Gabriel Vormstein’s material gestures – his effortless watercolour sketches on re-used newsprint or the totemic objects made out of branches and found objects – appear quite laconic and ephemeral. A rectangle made out of a few wooden branches seems hardly more than a few pieces of wood and a length of tape, yet, with some art historical information added, becomes a surprising take on Minimalism and display. Similarly, the carelessness of execution in the paintings seems slightly at odds with some of their motifs and sources, with the rich detail and the luscious surfaces that we all remember from the portraits by Egon Schiele or from flower still lifes. However, Vormstein’s paintings are about the experience of art, about looking at a surface and seeing something other than just paint. They contain a memory of art, a youthful fascination with beauty past, and translate that into a contemporary expression.
Vormstein draws and paints on sheets of newsprint, of mostly four newspaper double-spreads glued together. He sometimes primes these with emulsion paint but never disavows their nature – and so the graphic structure of headlines and columns, images and text becomes the sublayer of all his works. He then draws on these with pencil and fills them with colour, sometimes adding further layers by collageing a background or creating a form. The birds in The Storm and the body of The Hungry Caterpillar are torn from previous, “failed” pieces, thus referencing the ‘masters’ and reanimating his own ongoing involvement.
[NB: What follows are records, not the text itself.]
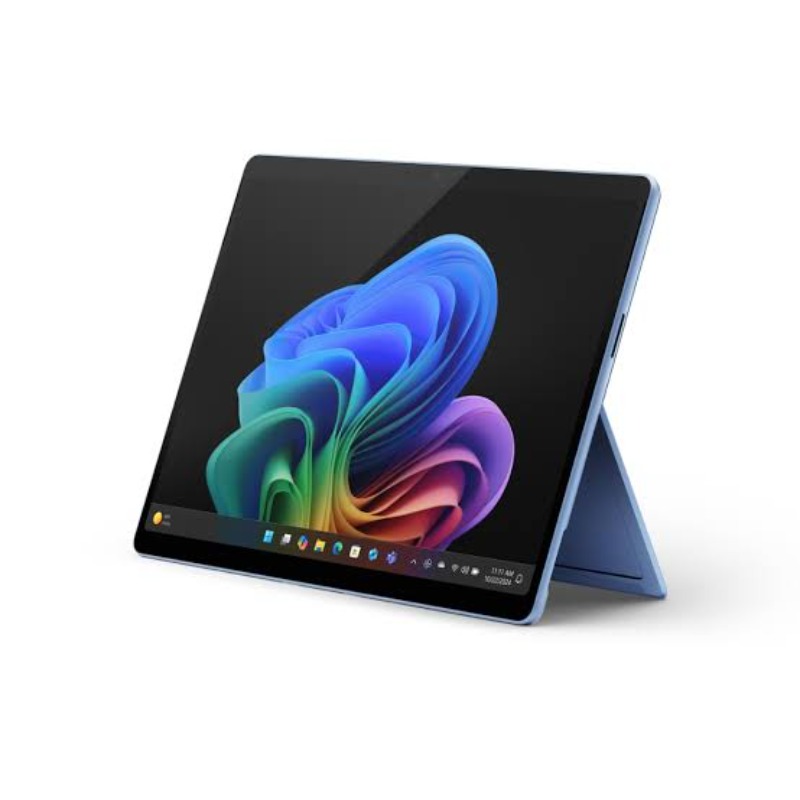 Microsoft Surface Pro 12 Copilot | Snapdragon X Plus 8-Core | 8GB LPDDR5x | 256GB UFS | 12” | Windows 11 Home | Platinum | 1 Year Warranty
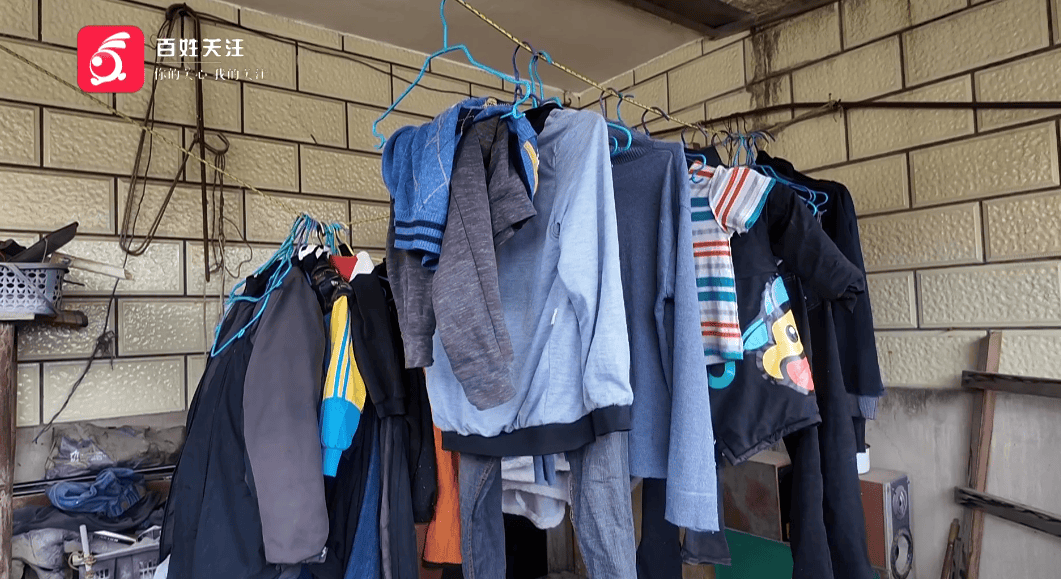 心酸!12岁男孩“独居”贵阳一安置房内<strong></p>
<p>比特币交易市场</strong>,父亲回应:迫于无奈,因为……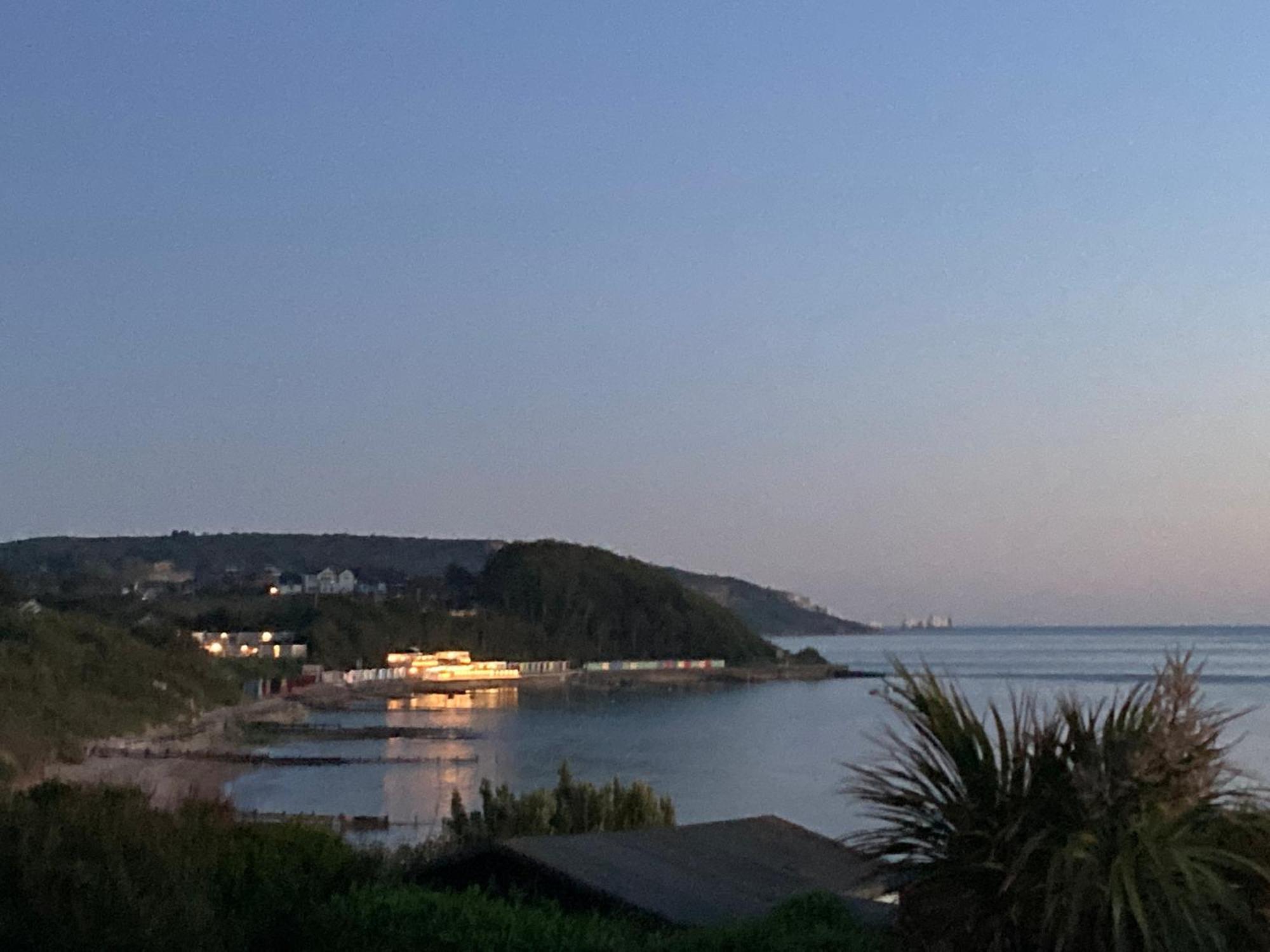 Valley View Self-Catering Coastal Bungalow In Rural West Wight 淡水 外观 照片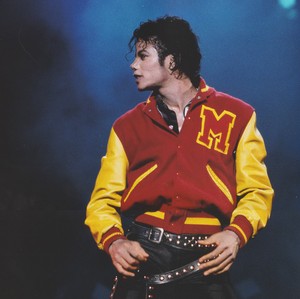  Michael Jackson - HQ Scan - Michael Performing Thriller on the Bad Tour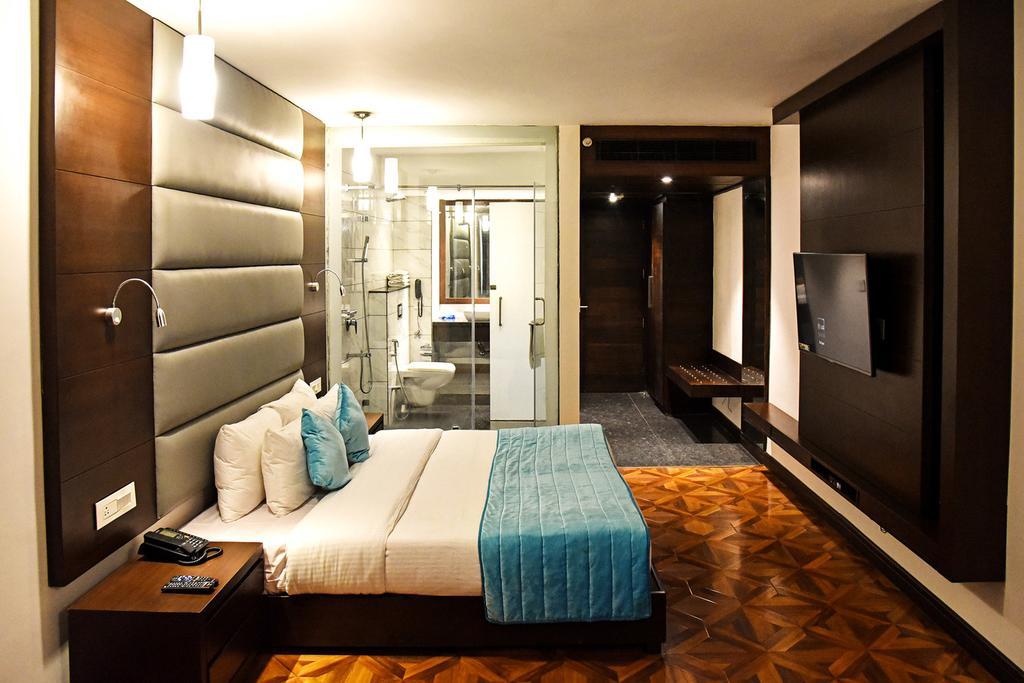 Hotel Sunbeam Premium Zirakpur Exterior foto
It is a long process of negotiation. Schiele plays a significant part in this, he is inspiration and at the same time the embodiment of art. Vormstein quotes his figures and uses them as a marker, he refers to their historicity and to the theme of vanitas. In She’s not dead, he outlines one of Schiele’s female figures in pencil, and then adds colour only to what is not her skin, her hair, her dress and stockings, her lipstick and eyes, almost as if she herself had become invisible – a faint memory of a woman who must have died many years ago. The watercolours around her have mixed and bled, they dried in the ‘waves’ of the warped paper and bear hardly any resemblance to the carefully painted original. Yet still, she is there and highly visible, and She’s not dead at all! In Catch up, he again references a painting, this time by Francis Picabia, Catch as Catch Can (1913), that provided the name for this exhibition. Already in the cubist original, Picabia combined forms from wrestling and dance, and Vormstein is now re-aligning traces of that fusion of cultural experiences into the multitude of divergent experiences we are facing today.